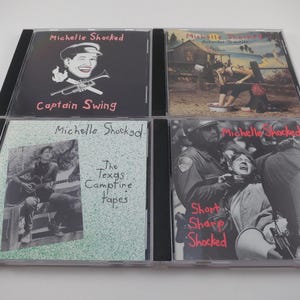 May include: Four Michelle Shocked music CDs. The album covers feature text and images, including the titles "Captain Swing", "Arkansas Traveler", "The Texas Campfire Tapes", and "Short Sharp Shocked". The covers are in clear plastic cases.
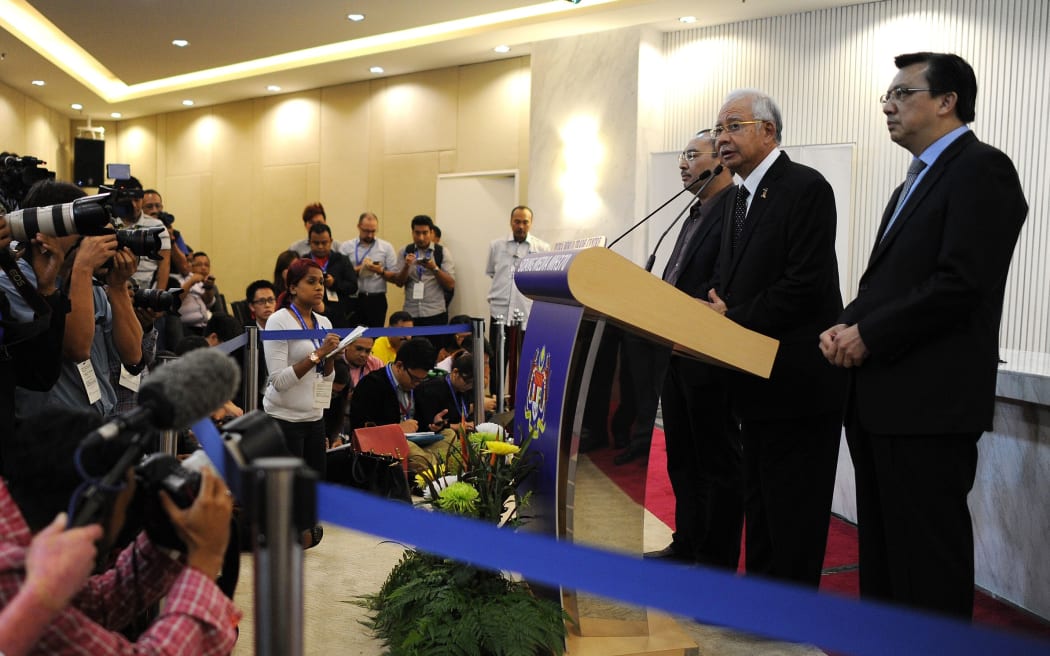 Malaysia's Prime Minister Najib Razak and Transport Minister Liow Tiong Lai delivering the statement on the missing Malaysia Airlines flight MH370.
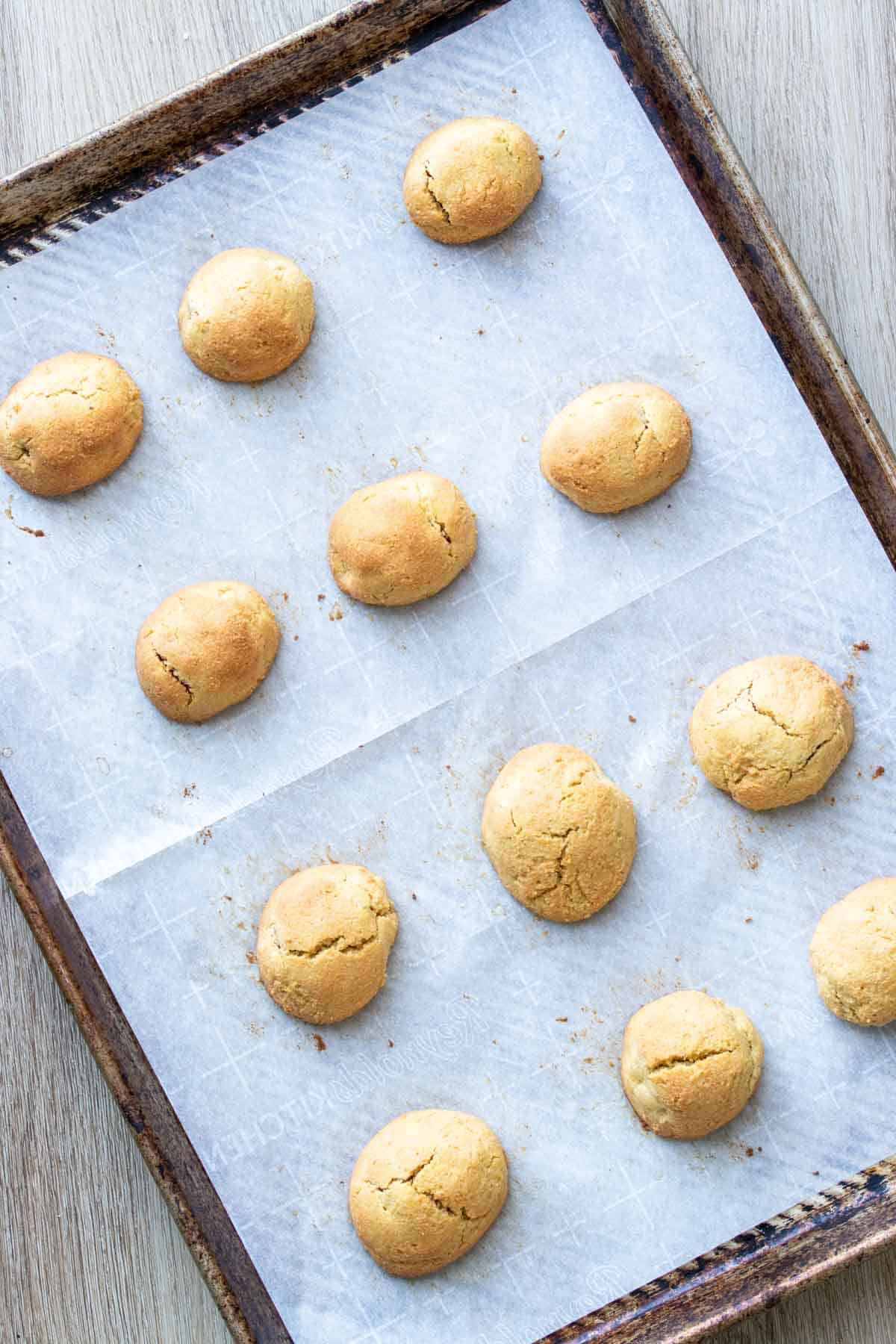 Baked mini corndog bites on a parchment lined baking sheet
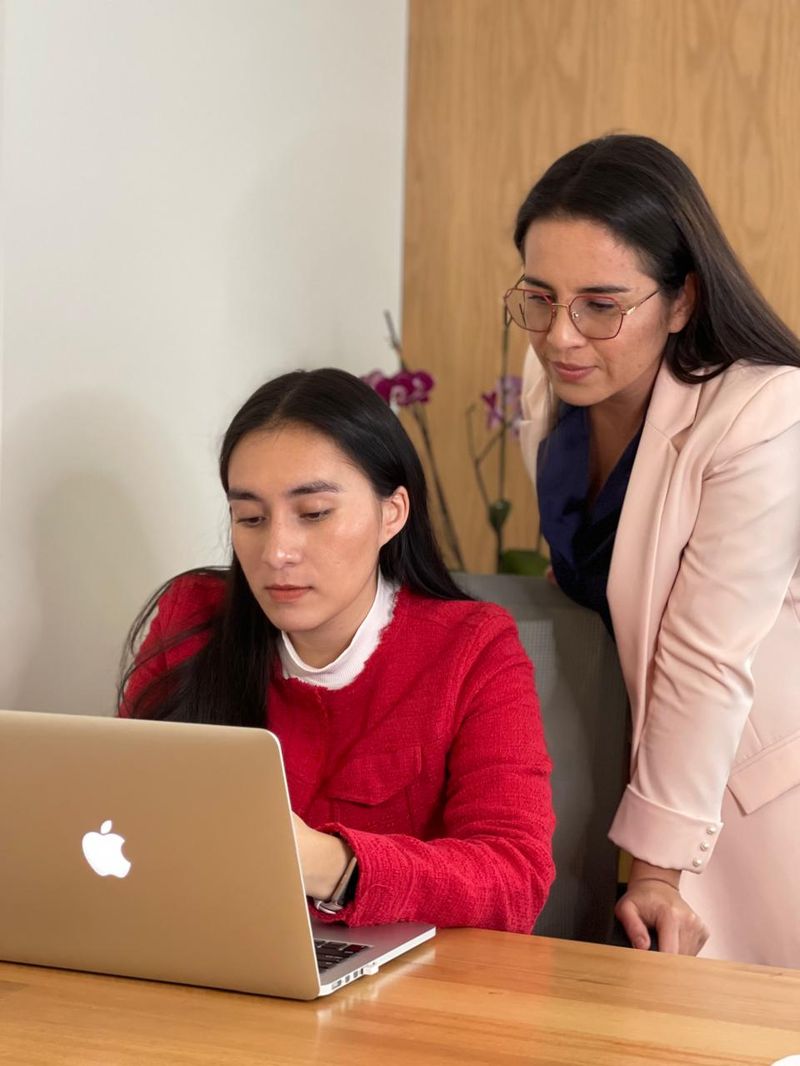 Las hermanas Granada revisando un informe en el computador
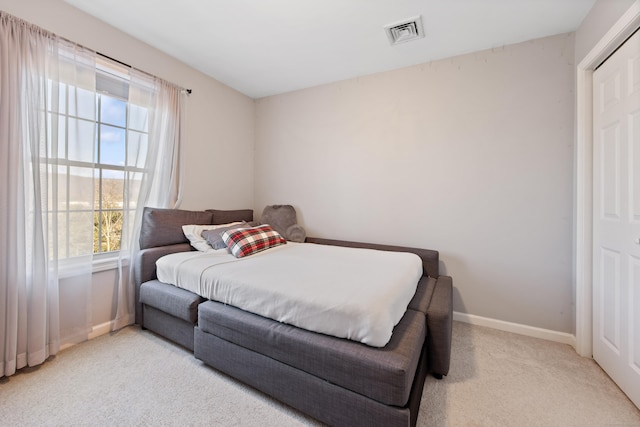 bedroom featuring light carpet, visible vents, and baseboards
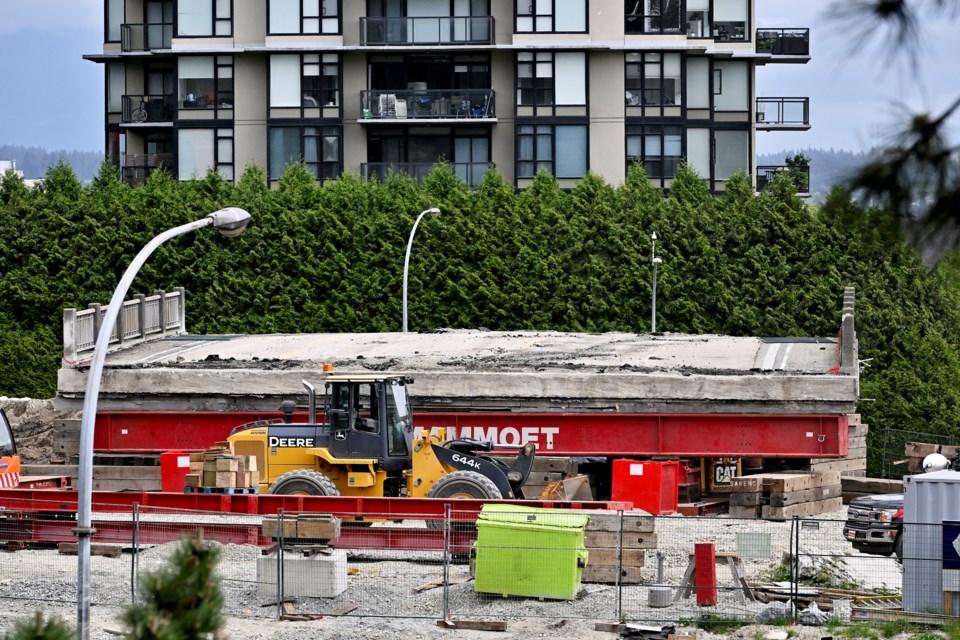 Old and new: A “self-propelling modular transporter” was used to move the old and new 600-ton overpasses on Royal Avenue.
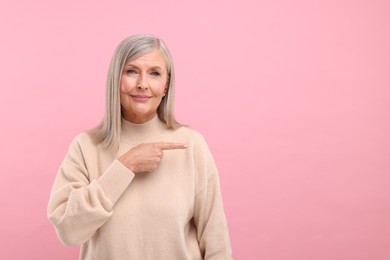 Photo of Portrait of beautiful middle aged woman pointing at something on pink background, space for text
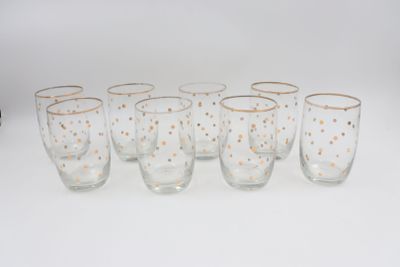 six verres parsemés de points dorés sont alignés sur une surface blanche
══════════════════════════════
◆ **What is needed**: Retype word for word the span of lines above that begins with the line containing "Las hermanas Granada" and ends with the last line of the records; skip all pictures.

◆ **Answer to this problem**:
 Las hermanas Granada revisando un informe en el computador
 bedroom featuring light carpet, visible vents, and baseboards
 Old and new: A “self-propelling modular transporter” was used to move the old and new 600-ton overpasses on Royal Avenue.
 Photo of Portrait of beautiful middle aged woman pointing at something on pink background, space for text
 six verres parsemés de points dorés sont alignés sur une surface blanche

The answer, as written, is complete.